Singapore is a crony capitalist plastic paradise. You won’t find a more first world country - easy when your about the size of a large US city. Their idea of socialism is to subsidize corporations to hire people and tax cars 500% and use the money to finance public transportation for the “workers”.
A $20K car in the US is $40K and you have to finance a $100K Certificate in your note that allows you to drive the car for 10 years (then its shipped out of the country).. so a $20K car is $140K with a 10 year car payment.
They pride themselves on cleanliness - Chewing gum and eating on the subway are illegal, but Lots of roaches, ants and bad air days if you look close.
The government keeps a tight leash on things.
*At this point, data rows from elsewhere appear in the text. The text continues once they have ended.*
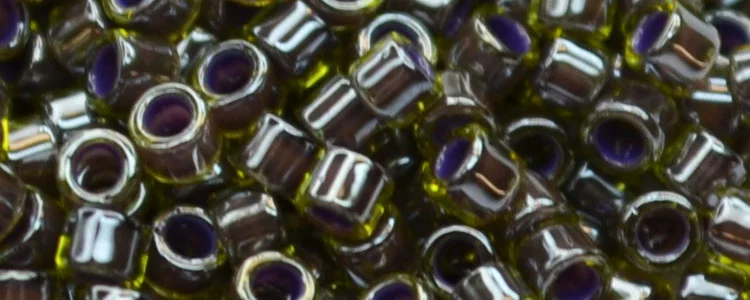 (image for) TOHO Aiko Precision Cylinder Bead. Purple Lined Olive Luster TB-1044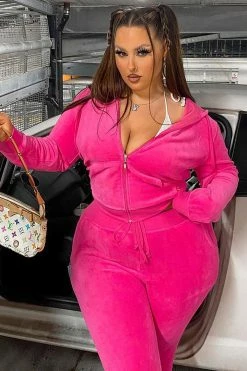 Fashion Nova The Original Trendsetter Velour Set - Bubblegum Pink Loungewear Sets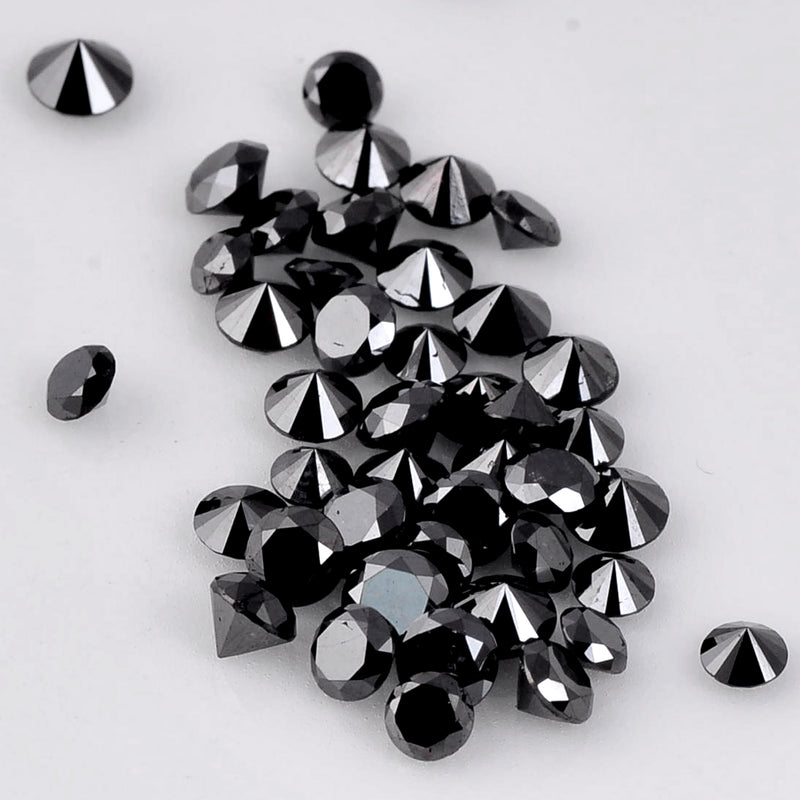 6.57 Carat Brilliant Round Fancy Black Diamonds-AIG Certified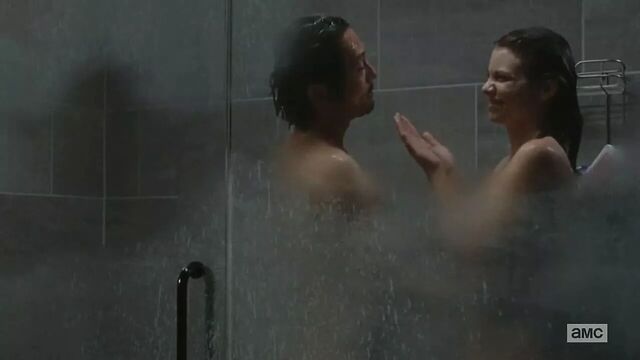 AMWF Lauren Cohan USA Woman Interracial Shower Korean Man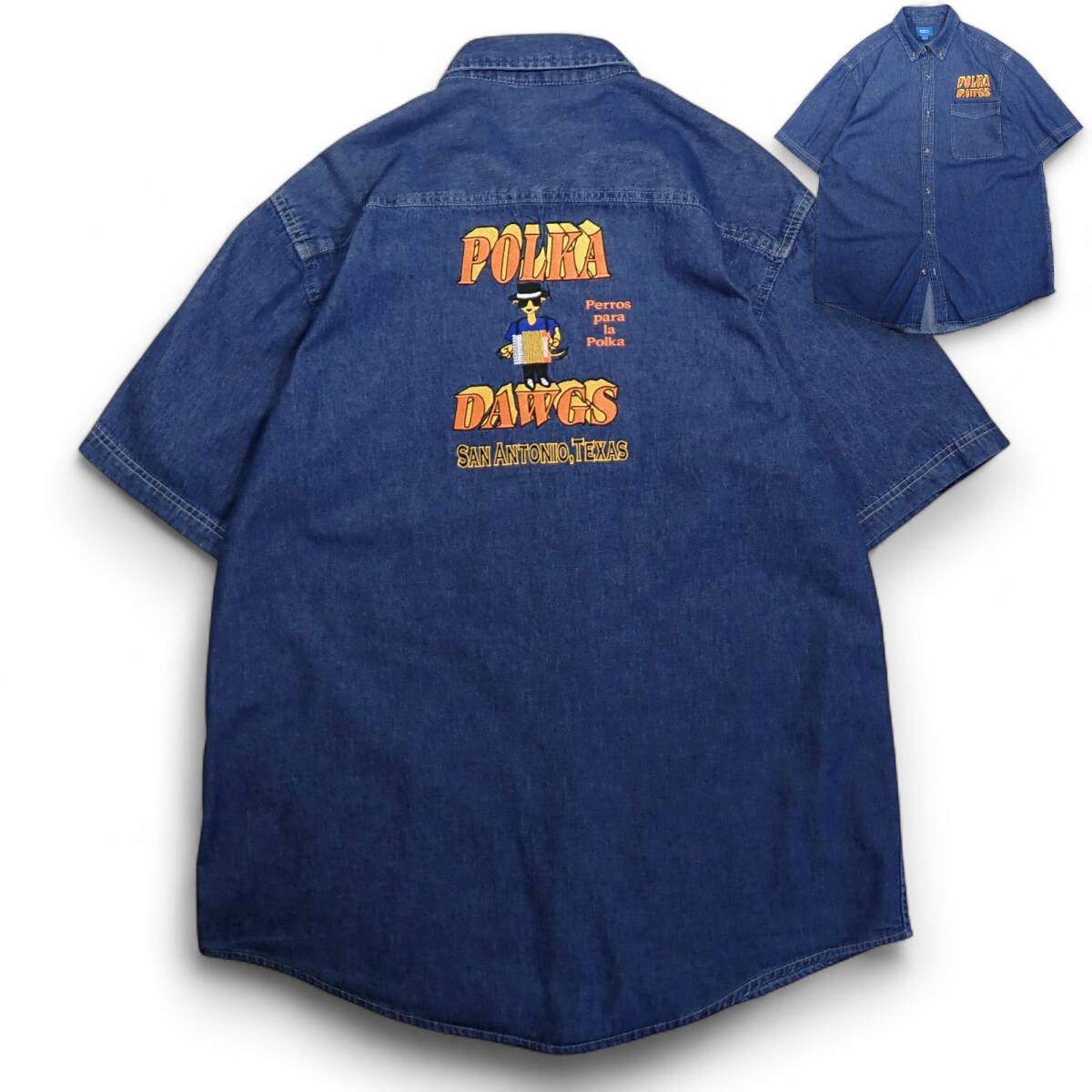 6931/美品 PORT&COMPANY 半袖デニムシャツ L●POLKA DAWGS SAN ANTONIO,TEXAS ワークシャツ●洗濯プレス済●古着拍卖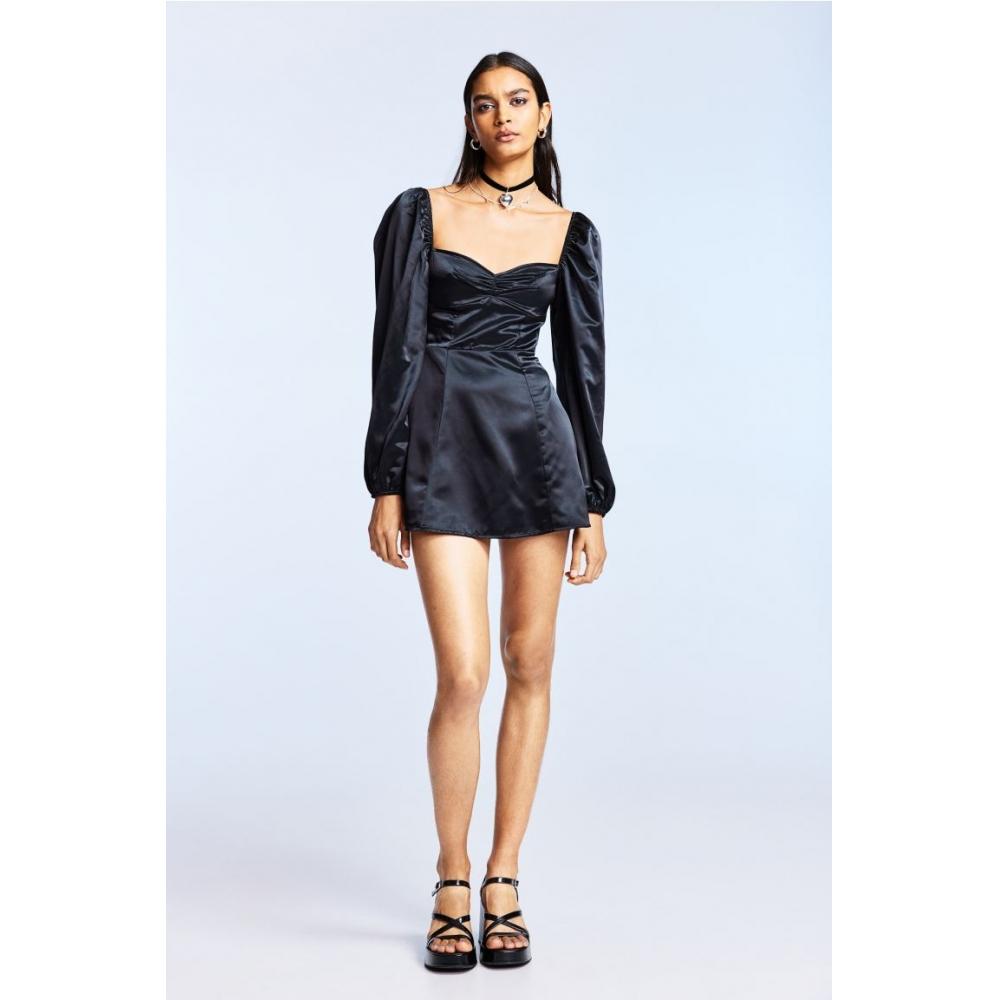 

H M Balloon Sleeve Satin Dress Black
Probably 30% of population is muslim (mainly indonesians and indians but some from the ME - business owners/capitalist), but I wouldn’t be surprised if they kicked your whole family out of the country if a member went full jihadi.
Mandatory military service and they love “stuff” so not much of a chance of them surrendering to terrorism Obama style.
Good Lord. I had no knowledge of any of that. Thanks.
As Peter Drucker, a world ranking economist, correctly asserted more than 2 generations ago, Singapore (along w/Hong Kong and Taipei) remain testaments to the free market impulses of the overseas Chinese; who rejected the Marxist fantasies of Mao and Zhou enlai. Instead they embraced the ideas of Malthus, Ricardo and Smith; thereby lifting their people out of poverty and setting a standard for the rest of the developing world as to how wealth is created. Try getting real.
Where to they ship the cars?
I lived in LA at the time I visited, but I felt like a country bumpkin shopping in Singapore. Outstanding shop and incredible service.
I am still cooking out of my Singaporean cookbooks, but man, I wish I could be there, just to eat and eat and eat and eat. Delicious and imaginative cooking straits born cuisine. (Although, I hated the food in Malaysia, maybe it was the flies, roadside and in the cities like Kuala Lumpur, although, I guess things have changed in the decades I have visited.